--- Supplied material ---
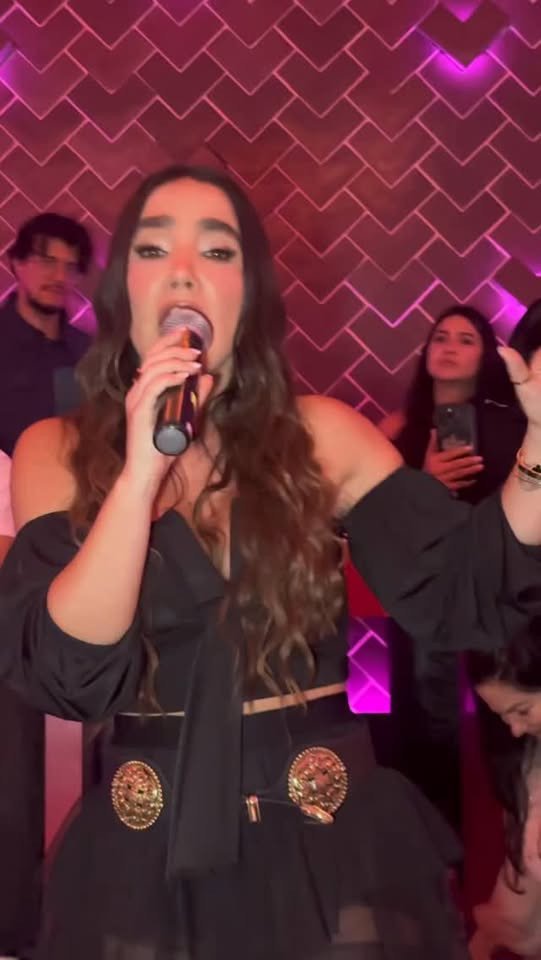 De esas canciones que se cantan con el alma y nunca se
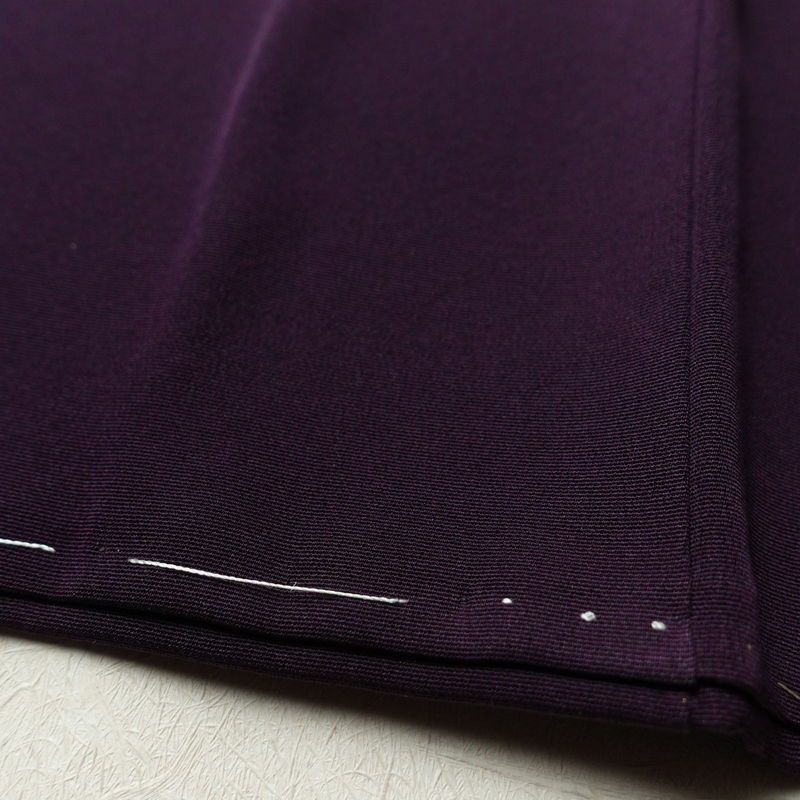色無地 しつけ糸付き 一つ紋付き 正絹 無地 袷仕立て 身丈163.5cm 裄丈66.5cm 着物 共八掛 紫・藤色_画像8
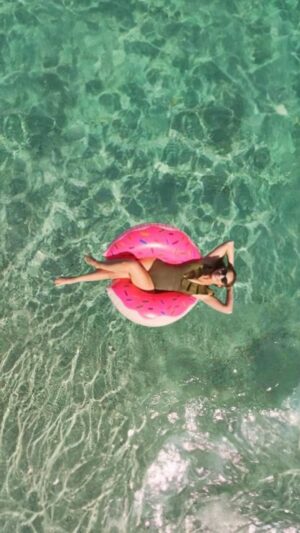 Elisa Tovati Instagram - 🚀🌟 EXCLUSIF ! Découvrez en avant-première un extrait de 15 secondes de mon nouveau clip « SUN », tourné sur la plage iconique de Saint-Tropez ! Ne ratez pas la sortie officielle ce vendredi ! 🔥✨

Cliquez, écoutez, et laissez-vous emporter... 🌴🎶

PS : à votre avis, qui va débarquer sur la plage?? Tom Cruise, un iguane, ma mère, des surfeurs très sexy 🏄🏽 ?? 😁

#Première #NouveauClip #Sun #SaintTropez #Musique #SortieVendredi #MustSee #LaLaLand #SeaSexSun #SousLeSoleilExactement #Summer #Beach #ElisaFaitSonCinéma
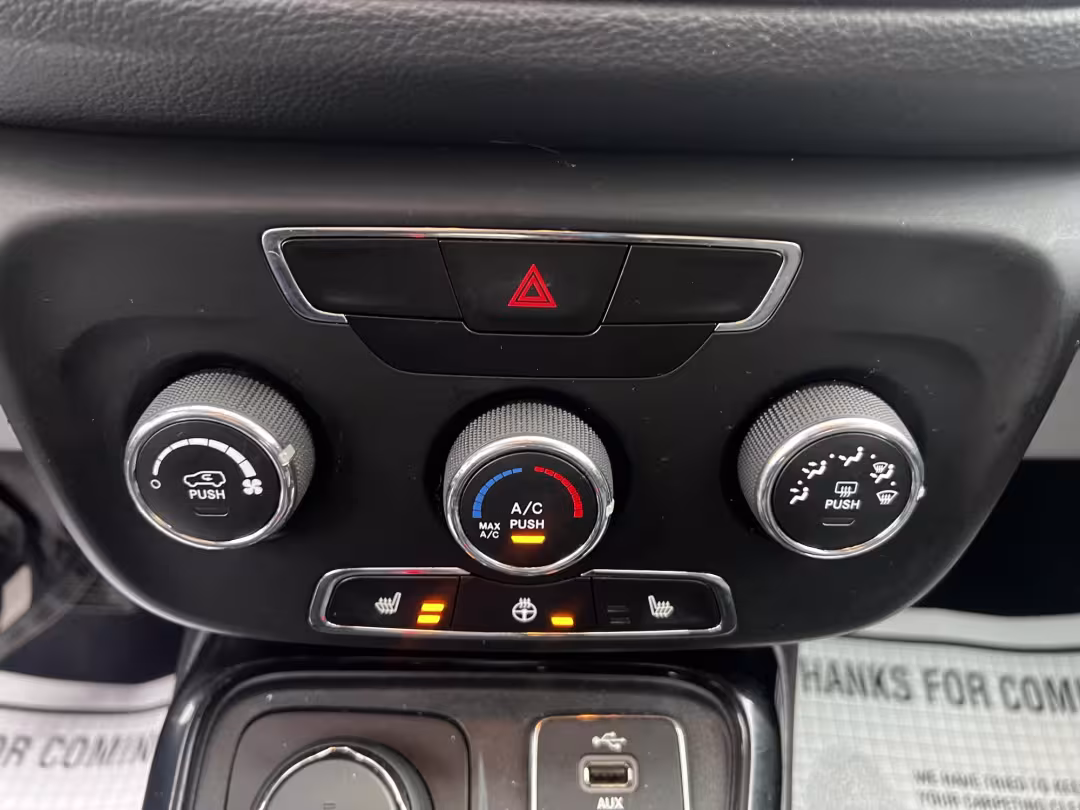 2018 Jeep Compass - 3C4NJDBB2JT320515 - Image #11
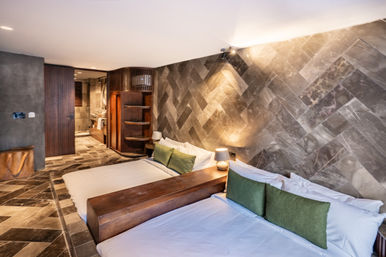 Jungle Green Luxe Penthouse + Private Rooftop Pool image 22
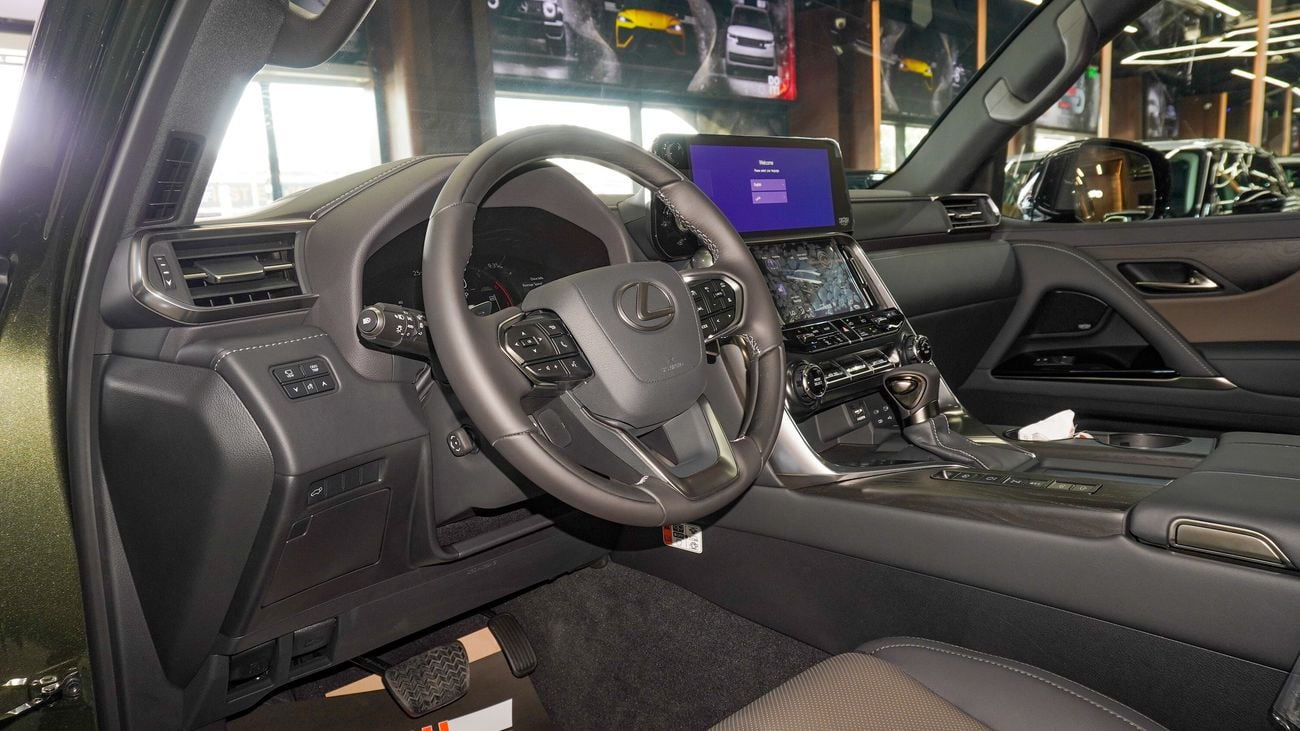 لكزس LX 600 3.5L V6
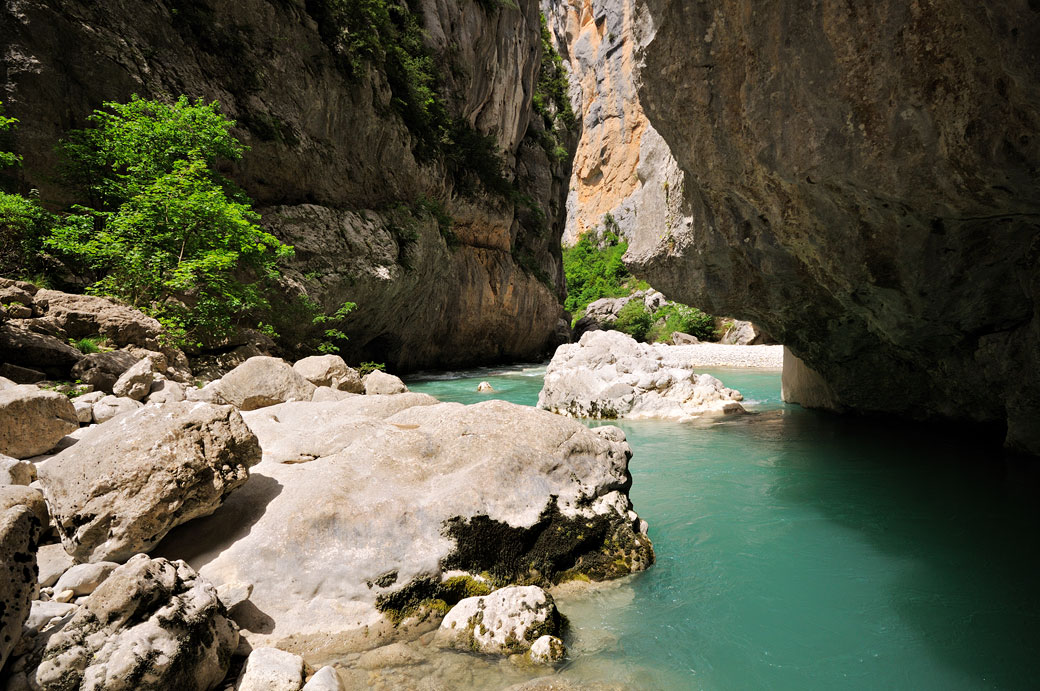 Au fond du canyon des Gorges du Verdon, France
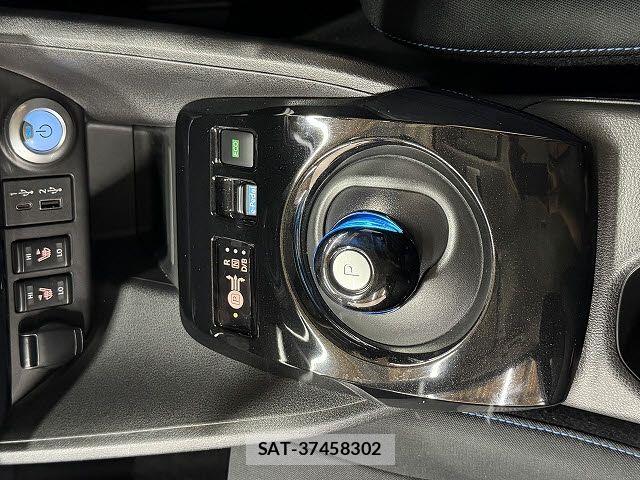 Nissan LEAF 2021-11 8871310-11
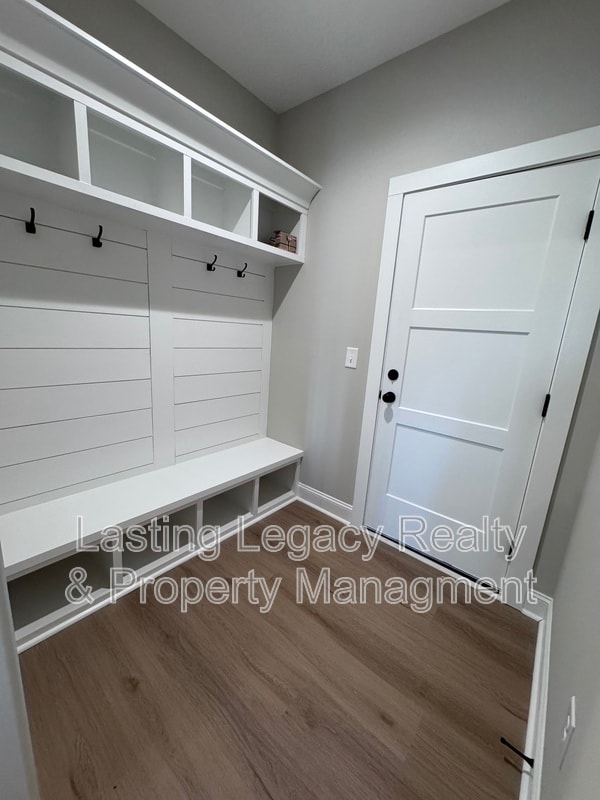 Building Photo - 2566 NC-801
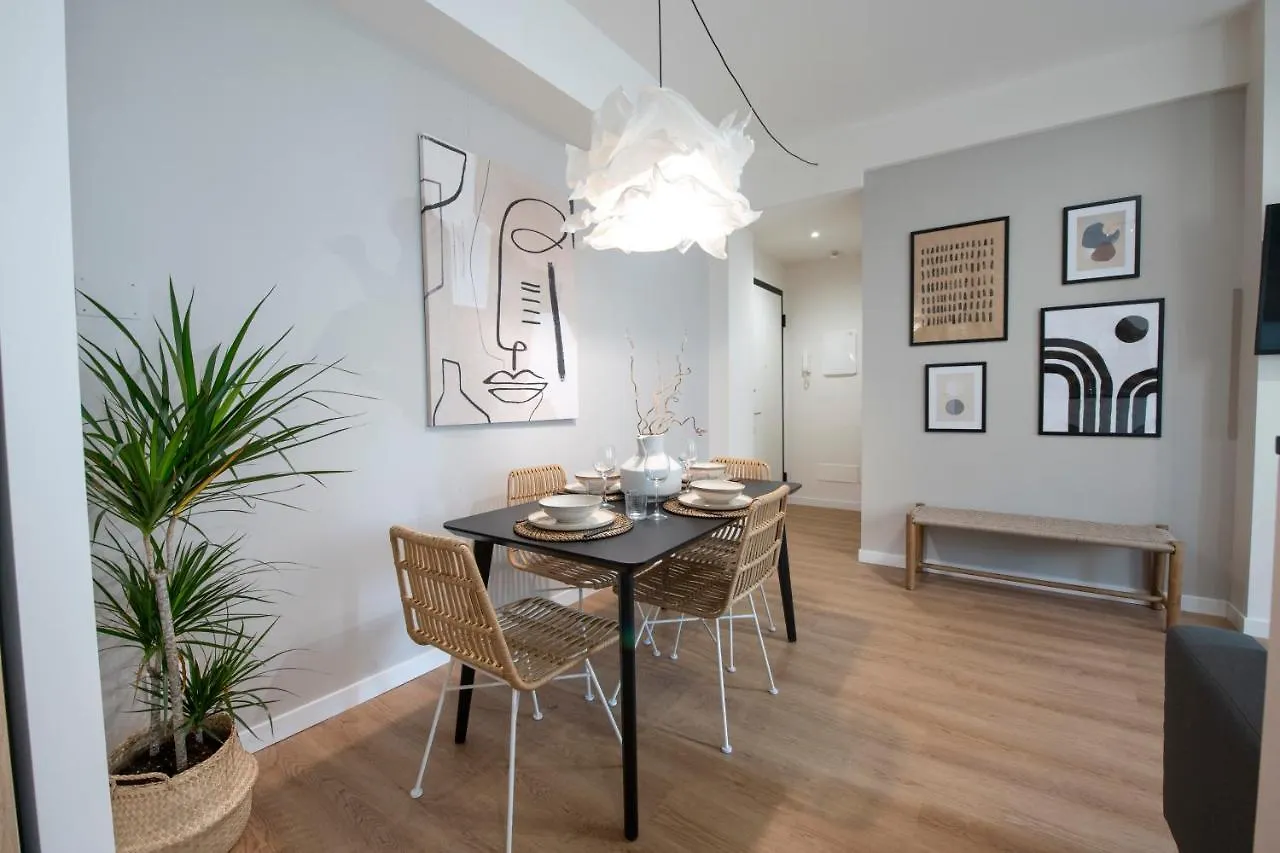 Apartment Ma & Ma Luxury Apartment: Beachfront Retreat with Private Parking Sestri Levante Italy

--- Try it ---
Transcribe, word for word, the stretch of lines in the data above from the one with "Elisa Tovati Instagram" through the one with "لكزس LX 600 3.5L V6"; omit all pictures.

--- Exercise answer ---
 Elisa Tovati Instagram - 🚀🌟 EXCLUSIF ! Découvrez en avant-première un extrait de 15 secondes de mon nouveau clip « SUN », tourné sur la plage iconique de Saint-Tropez ! Ne ratez pas la sortie officielle ce vendredi ! 🔥✨

Cliquez, écoutez, et laissez-vous emporter... 🌴🎶

PS : à votre avis, qui va débarquer sur la plage?? Tom Cruise, un iguane, ma mère, des surfeurs très sexy 🏄🏽 ?? 😁

#Première #NouveauClip #Sun #SaintTropez #Musique #SortieVendredi #MustSee #LaLaLand #SeaSexSun #SousLeSoleilExactement #Summer #Beach #ElisaFaitSonCinéma
 2018 Jeep Compass - 3C4NJDBB2JT320515 - Image #11
 Jungle Green Luxe Penthouse + Private Rooftop Pool image 22
 لكزس LX 600 3.5L V6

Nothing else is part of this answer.